Now,  0 < x < $$pi\over 2$$   $$\implies$$  0 < 3x < $$3\pi\over 2$$

Since cosine function is positive in first quadrant and negative in the second and third quadrants. Therefore, we consider the following cases.

Case 1 : When 0 < 3x < $$\pi\over 2$$  i.e.  0 < x < $$\pi\over 6$$

In this case, we have

0 < 3x < $$\pi\over 2$$   $$\implies$$  cos 3x > 0

$$\implies$$  3 cos 3x > 0 $$\implies$$ f'(x) > 0

Thus, f'(x) > 0 for 0 < 3x < $$\pi\over 2$$  i.e.  0 < x < $$\pi\over 6$$

So, f(x) is increasing on $$(0, {\pi\over 6})$$.
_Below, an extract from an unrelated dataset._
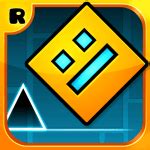 geometry dash fendiplay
Case 2 : When $$\pi\over 2$$ < 3x < $$3\pi\over 2$$  i.e.  $$\pi\over 6$$ < x < $$\pi\over 2$$

In this case, we have

$$\pi\over 2$$ < 3x < $$3\pi\over 2$$  $$\implies$$  cos 3x < 0

$$\implies$$  3 cos 3x < 0 $$\implies$$ f'(x) < 0

Thus, f'(x) < 0 for $$\pi\over 2$$ < 3x < $$3\pi\over 2$$  i.e.  $$\pi\over 6$$ < x < $$\pi\over 2$$

So, f(x) is decreasing on $$({\pi\over 6}, {\pi\over 2})$$.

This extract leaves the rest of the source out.